I was deeply moved when towards the end of Vatican II Pope Paul invited a number of leading scholars to concelebrate Eucharist with him in Saint Peter’s Basilica. He thereby testified to the world how necessary it is to consider and to benefit from the advice of researchers and forward looking thinkers. I was aware that several of the concelebrants were eminent scholars who had been silenced before the Council.
Megan McKenna has used her gifts of insight to help us take a fresh look at the role of the Gospels in contemporary church life. I found her observations very challenging. They called me to think “outside of the box” as the expression goes and to look for truth in areas I had not considered previously. We have much to gain in pondering what she presents, even if we might find some of her reflections challenging or disturbing. Ours are times of great upheaval. We are called to revisit the very foundations of our faith as we scrutinize the signs of the times. I trust that many readers will find her reflections a fertile field to till in our search for further and richer truth.
+Remi J. De Roo
Vatican II Council Father
retired (1999) Bishop of Victoria
REVIEW OF MEGAN'S NEW BOOK, "TASTING THE WORD OF GOD" BY BIBLE TODAY - JAN 2011
Tasting the Word of God.
Vol. 1. Commentaries on the Sunday Lectionary
Hyde Park, NY: New City Press (www.newcitypress.com),
2010. Pages, xiii + 149. Paper, $14.95.
Megan McKenna writes from a Catholic point of view, with brief, yet sharp, reflections
on the Sunday readings of Years A, B, C. These reflections are inspired by Dei verbum 21 (Vatican II’s Dogmatic Constitution on Divine Revelation), which declares God’s speech to us in Scripture to be the strength of faith for the church’s children, the food of the soul, and the pure and perennial source of spiritual life. McKenna advises to “always read THE WORD first and let it sit in your soul, together with others” (p. xiii). She sometimes concentrates on a theme common to all the readings, sometimes on one of the readings or the First Reading and the Gospel. The book is meant to help all savor the word of God in the Eucharistic liturgy.

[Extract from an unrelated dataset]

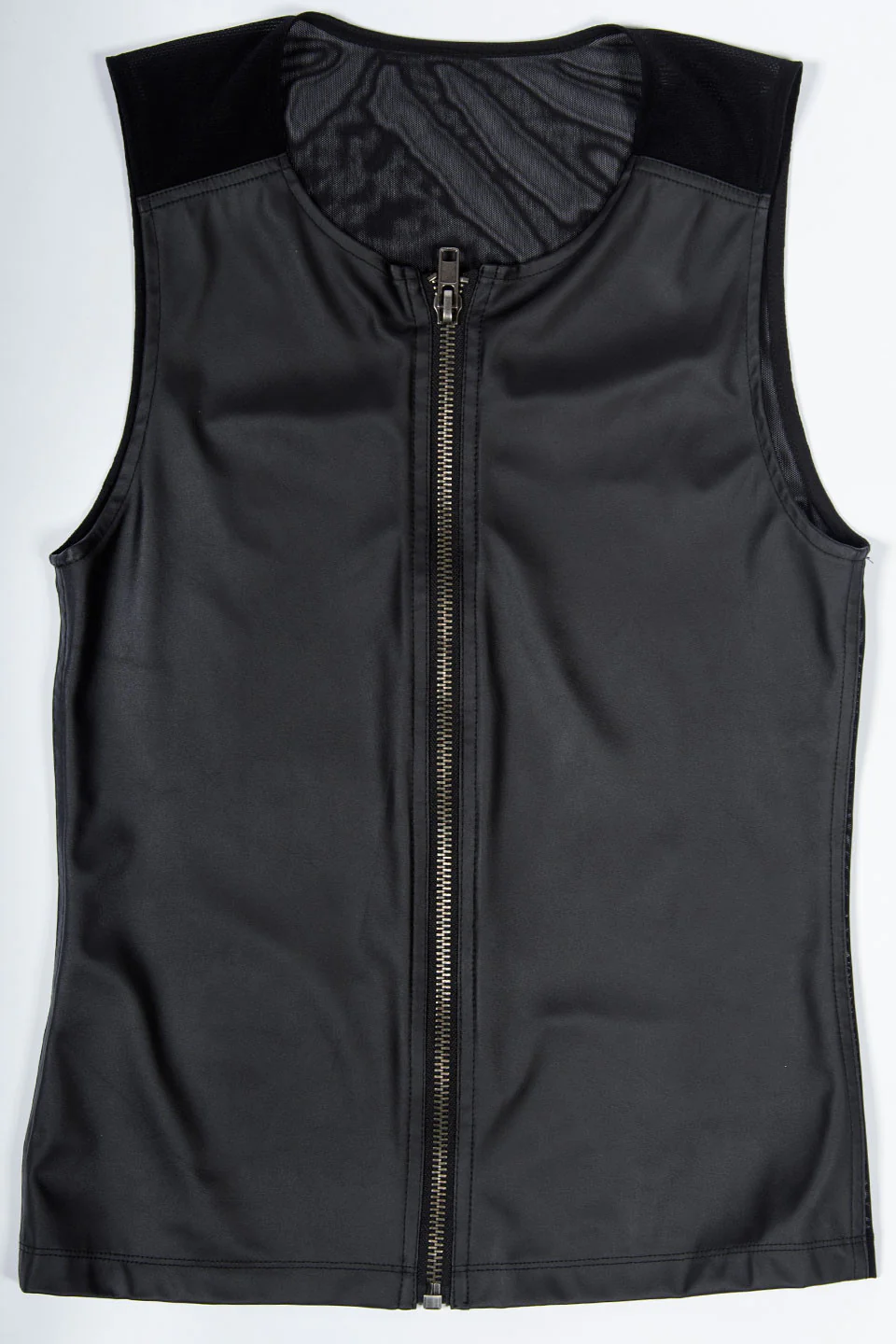 Vintage Zip Front Mesh Back Top - Image 3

Tasting the Word of God. Vol. 2.
Commentaries on the Daily Lectionary
Hyde Park, NY: New City Press (www.newcitypress.com), 2010.
Pages, xvi + 477. Paper, $29.95.
“In daily readings and reflections, brevity and depth let the Word act upon us, calling us to deeper integrity, knowledge of God and summons us to become what we proclaim - the Word of God . . .” (p. xv). These words aptly describe McKenna’s reflections on the First Reading, Responsorial Psalm, and the Gospel of each day of the daily lectionary. In her own words, they “take a word, a phrase, a sentence at most - from the readings and comment on it, spin it out pastorally, pragmatically— how to live this today and make it come true” (p. xv). McKenna uses her gift as retreat preacher to bring the reader to the waters.
Fr. Berrigan writes about "And Morning Came": "Into what a world we launch this book, like a frail ark in a mauling sea. Shall we proclaim Ressurection - even as creation is threatened with going under? Yes, 'and morning came.' Unequivaocally and barely - birth, rebirth wins out over death. Thank you, Megan."